> **Problem**:
Please return every line of the material verbatim and skip any images.

★ ★ ★ ★

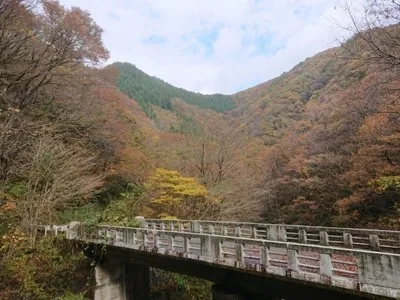 【紅葉・見ごろ】小俣渓谷 2026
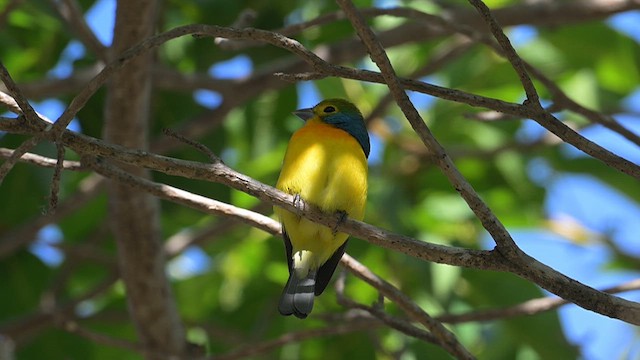 Orange-breasted Bunting - ML616937210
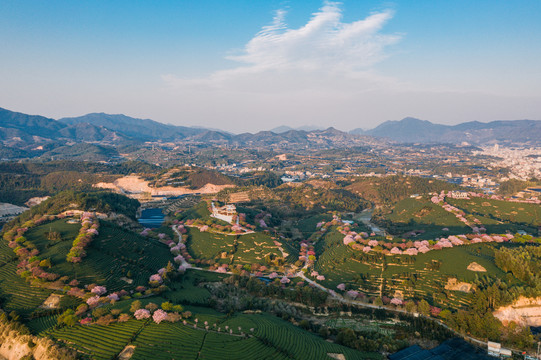 永福樱花茶园自然风景黄昏航拍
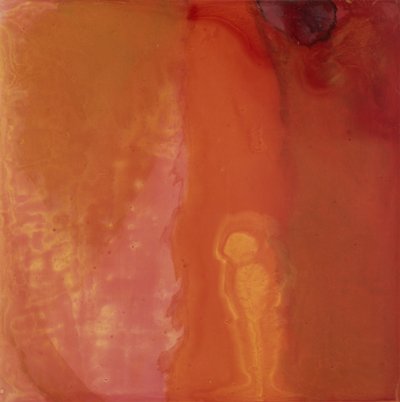 Peixe de Queijo, 1997 (óleo e esmalte na placa gesso) de Charlotte Johnstone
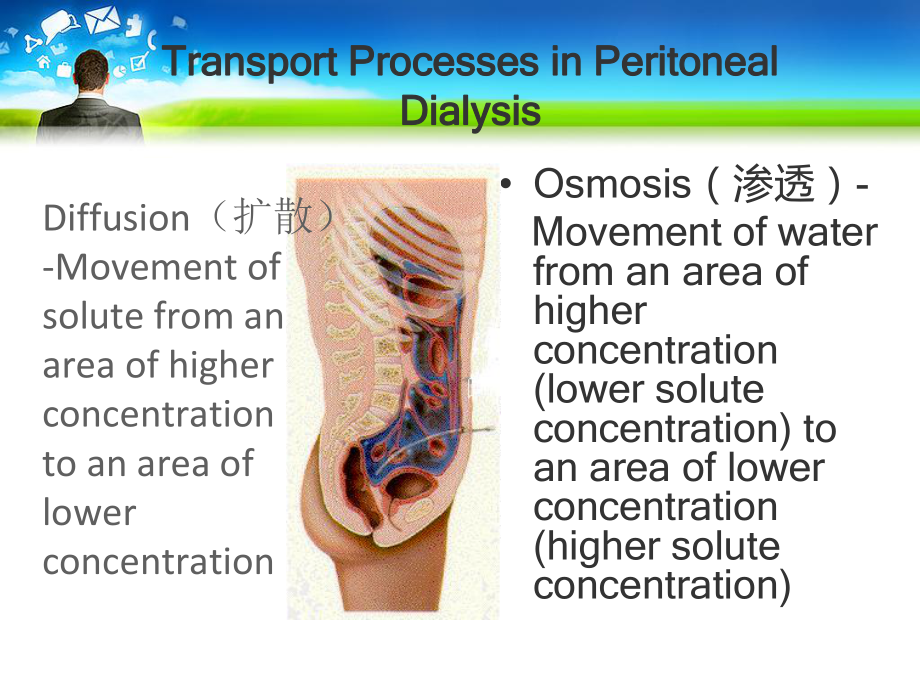 腹膜透析充分性汇编课件.ppt_第2页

★ ★ ★ ★

> **Task response**:
 【紅葉・見ごろ】小俣渓谷 2026
 Orange-breasted Bunting - ML616937210
 永福樱花茶园自然风景黄昏航拍
 Peixe de Queijo, 1997 (óleo e esmalte na placa gesso) de Charlotte Johnstone
 腹膜透析充分性汇编课件.ppt_第2页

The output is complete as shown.